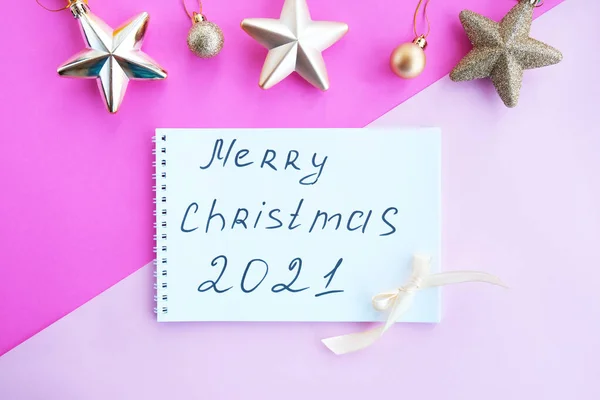 Holiday decorations and a notebook with the inscription: Merry Christmas, onwhite notepad, flat style. Pink background.Christmas planning concept.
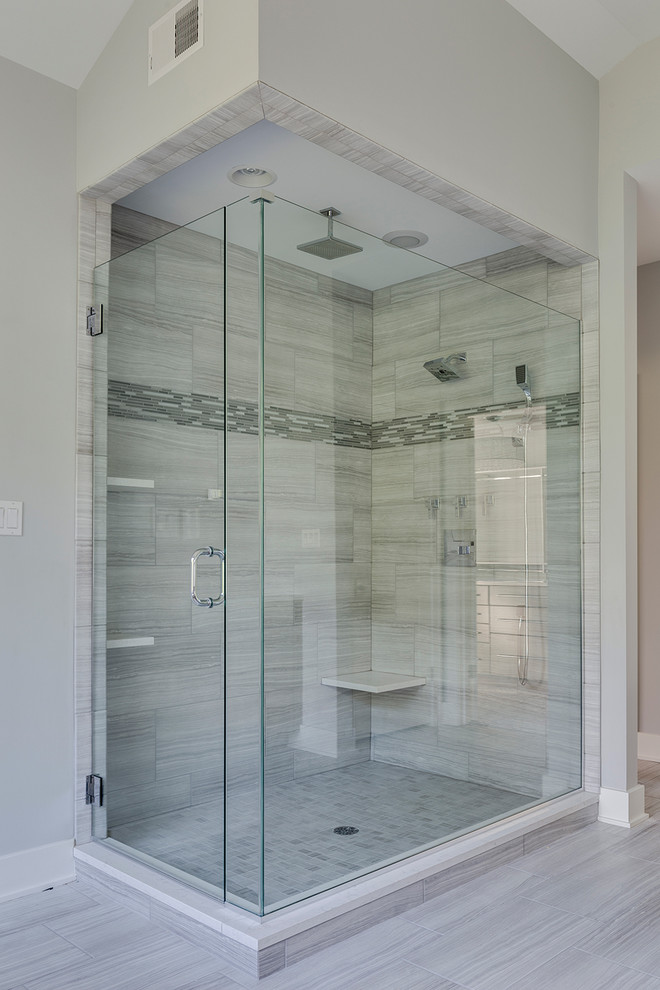 Example of a huge trendy master gray tile and ceramic tile ceramic tile bathroom design in Other with flat-panel cabinets, gray cabinets, gray walls, an undermount sink and quartzite countertops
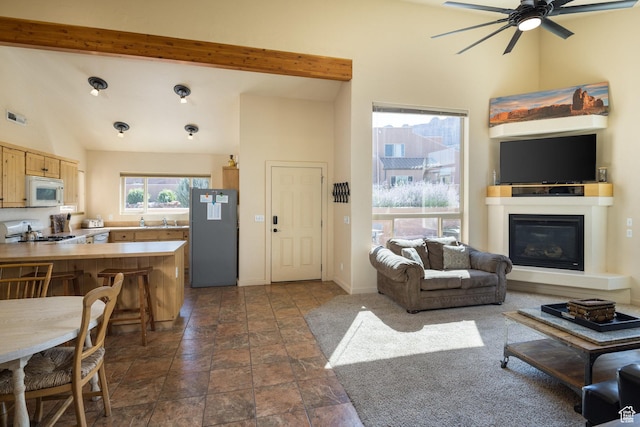 3686 S Spanish Valley Dr Unit U-3, Moab, UT 84532 - living room with visible vents, beam ceiling, high vaulted ceiling, a glass covered fireplace, and ceiling fan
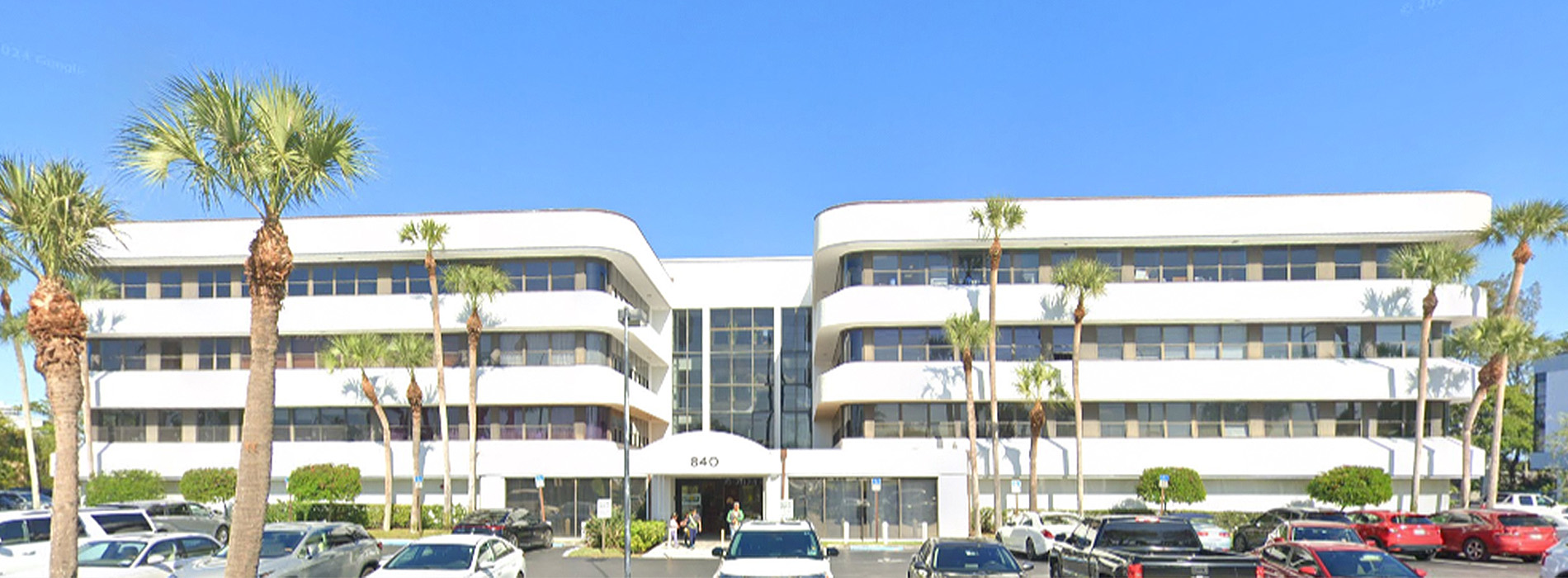 The image shows a multi-story building with a modern architectural design, featuring white walls, large windows, and palm trees in the foreground.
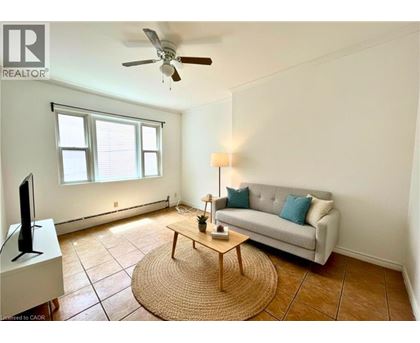 A living room with a couch, a coffee table, and a television.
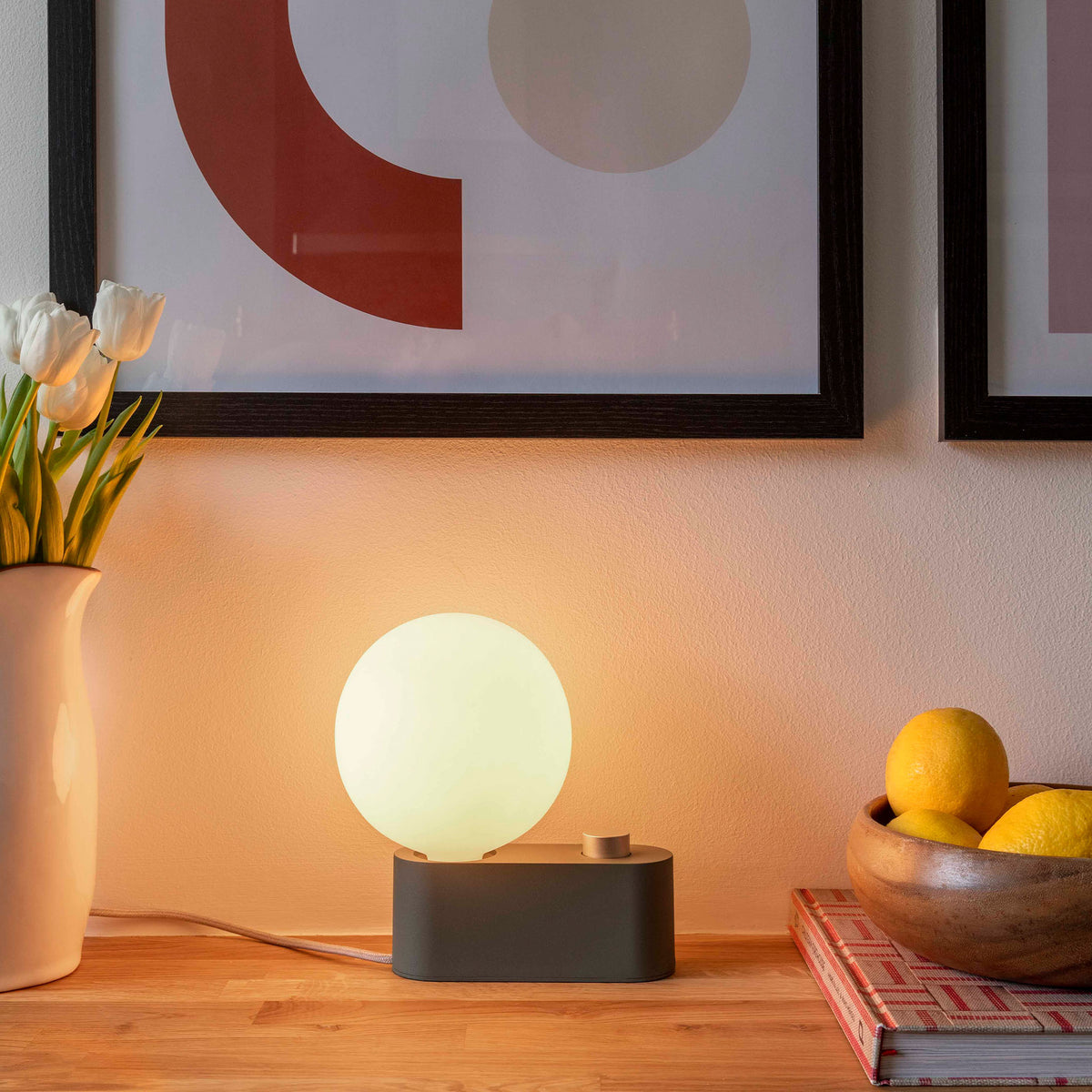 Alumina Lamp in Sage in a hallway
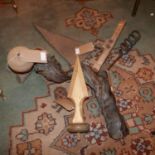 An oversized corkscrew with rustic branch handle, together with an acorn ashtray, vintage scythe and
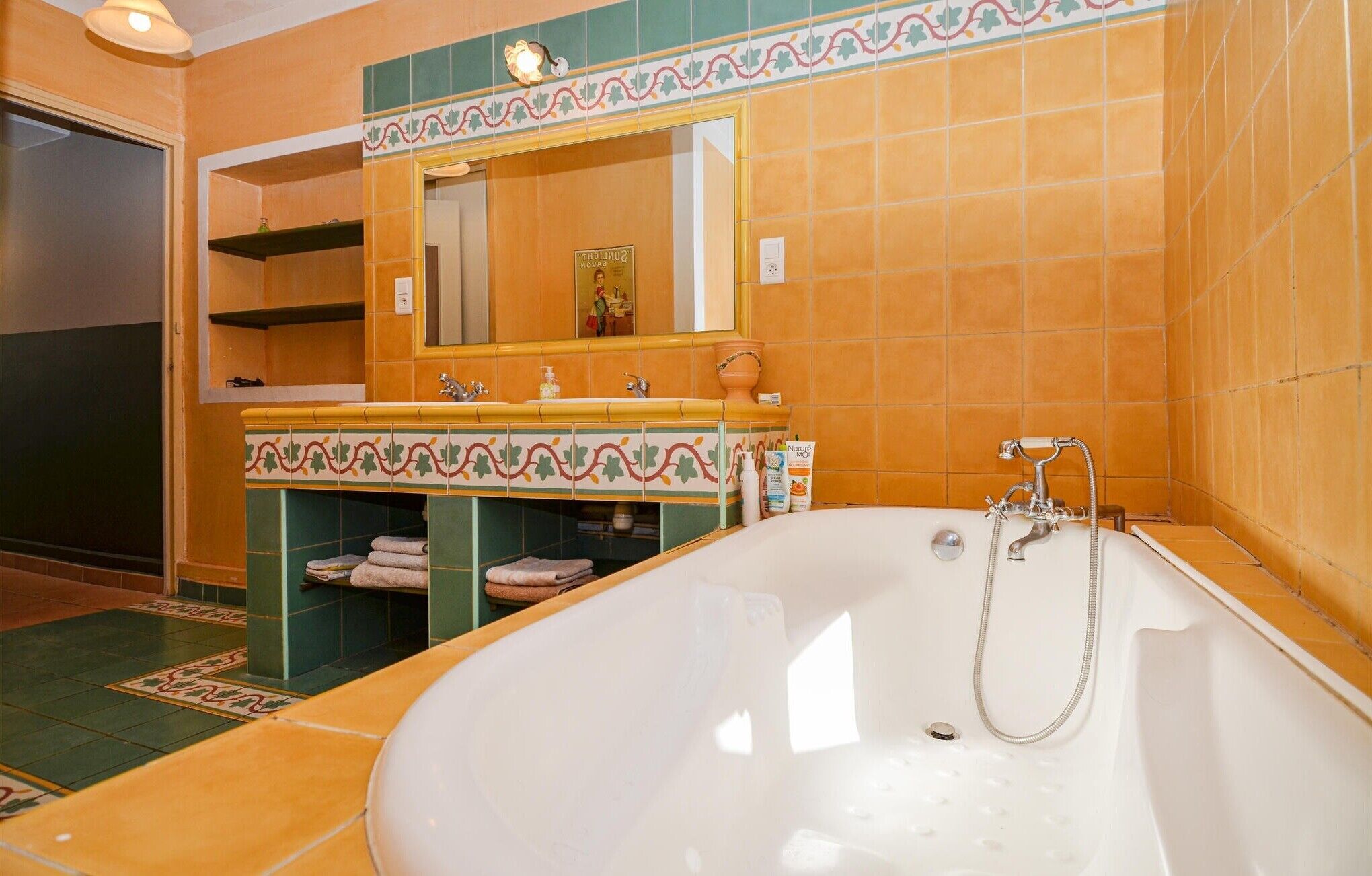 Ein Badezimmer mit einer großen Badewanne, einem Waschtisch inklusive Spiegel und einem gefliesten Boden.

§ Work instruction: Beginning with the line containing "An oversized corkscrew" and ending with the last line of the data, output those lines exactly and nothing more. Omit every picture.

§ Output:
 An oversized corkscrew with rustic branch handle, together with an acorn ashtray, vintage scythe and
 Ein Badezimmer mit einer großen Badewanne, einem Waschtisch inklusive Spiegel und einem gefliesten Boden.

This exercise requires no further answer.